Timothy George and Eric F. Mason’s (eds.) Theology in the Service of the Church

I cannot express how very enjoyable and informative I personally found this impressive collection of essays.  Edited by Timothy George and Eric F. Mason,Theology in the Service of the Church is a unique and eclectic collection that will challenge, educate, and inspire the reader.  This Festschrift was presented to Fisher Humphreys on the occasion of his retirement from The Beeson Divinity School,

I felt that the strongest essays in the book were Curtis Freeman’s “Back to the Future of Trinitarianism?”, Steve Harmon’s “Remembering the Ecclesial Future: Why the Church Needs Theology”, Stephen J. Duffy’s “That They May All Be One: The Unity That is Ours and Not Ours”, and especially Ralph Wood’s “Jesus Thrown Everything Off Balance: Emily Dickinson, William Faulkner, and Flannery O’Connor on the Necessity of Christian Radicalism in the Study of Literature.”
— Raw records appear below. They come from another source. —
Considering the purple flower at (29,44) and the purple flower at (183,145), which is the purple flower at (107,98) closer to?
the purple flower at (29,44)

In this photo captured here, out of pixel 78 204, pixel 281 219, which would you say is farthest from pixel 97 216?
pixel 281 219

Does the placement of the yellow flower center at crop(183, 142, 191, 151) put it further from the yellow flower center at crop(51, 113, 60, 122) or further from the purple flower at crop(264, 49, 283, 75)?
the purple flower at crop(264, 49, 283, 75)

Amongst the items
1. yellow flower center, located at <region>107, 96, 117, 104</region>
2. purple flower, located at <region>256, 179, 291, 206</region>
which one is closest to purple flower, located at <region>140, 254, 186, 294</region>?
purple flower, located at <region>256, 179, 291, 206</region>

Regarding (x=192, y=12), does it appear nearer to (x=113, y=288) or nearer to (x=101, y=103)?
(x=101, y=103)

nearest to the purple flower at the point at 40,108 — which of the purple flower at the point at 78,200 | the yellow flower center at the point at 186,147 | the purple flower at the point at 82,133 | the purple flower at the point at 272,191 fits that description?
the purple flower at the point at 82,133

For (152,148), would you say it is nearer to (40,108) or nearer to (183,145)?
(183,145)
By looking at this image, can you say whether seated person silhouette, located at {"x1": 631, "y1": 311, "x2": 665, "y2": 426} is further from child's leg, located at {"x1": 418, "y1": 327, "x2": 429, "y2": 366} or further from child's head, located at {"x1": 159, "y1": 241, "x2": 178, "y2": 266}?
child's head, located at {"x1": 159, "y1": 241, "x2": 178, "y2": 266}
I thought this last essay was tremendous.  I was thrilled to see Wood’s opinion that “the non-Christian writer whose work retains overwhelming, even transformative, power is William Faulkner” (p.210).  I agree 100% and was glad to see that maybe I’m not crazy after all!  (I oftentimes tell my wife that I think Faulkner understood the Church better than most who are actually in the Church.)  Wood’s treatment of Faulkner’s work was very insightful, and his handling of O’Connor’s short story, “The Misfit,” helped me see that troubling little story in a new light.

Freeman’s essay on the Trinity was likewise very helpful and very good.  I thought some of his anecdotal observations about the disappearance of Trinitarian thought from Baptist life were especially interesting and troubling.
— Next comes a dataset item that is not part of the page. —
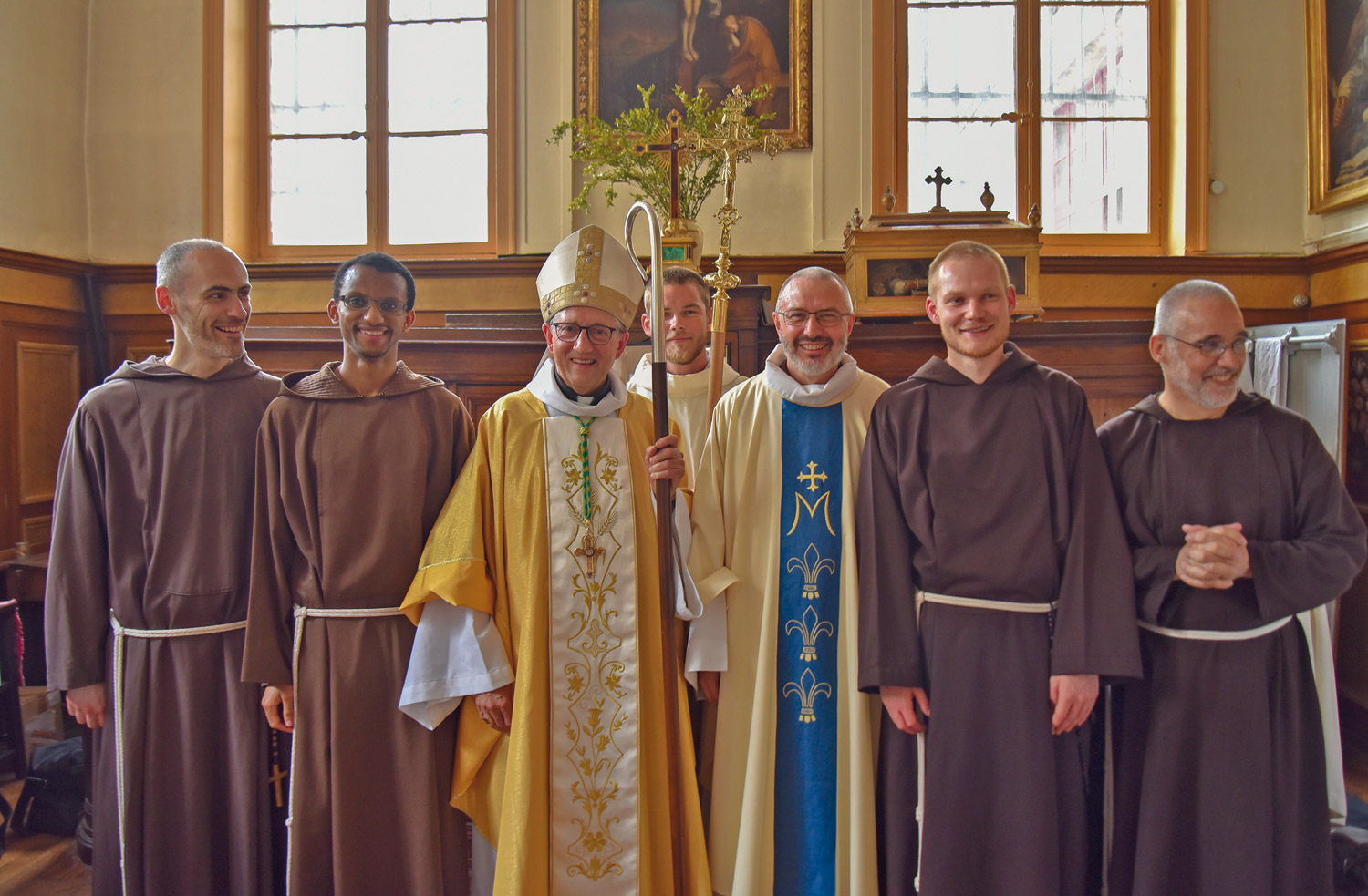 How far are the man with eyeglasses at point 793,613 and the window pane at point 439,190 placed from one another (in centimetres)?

Fr. Stephen J. Duffy’s article on ecumenism and unity was fascinating.  Coming from a Catholic perspective, Duffy’s thought was occasionally foreign to me, but this essay was, I thought, one of the most thought-provoking pieces in the book.  I did learn a new term: perennem reformationem (continual reform).  I was also introduced to a concept I had never heard before: namely the existence of Protestant affirmations of the potential for the Bishop of Rome to offer the greatest possibility of ecumenical reform should appropriate reforms be allowed to reshape that office.  I’m not up on ecumenical speech, but this struck me as a frankly odd and virtually impossible idea.

In all, a tremendous collection of essays.  Check it out.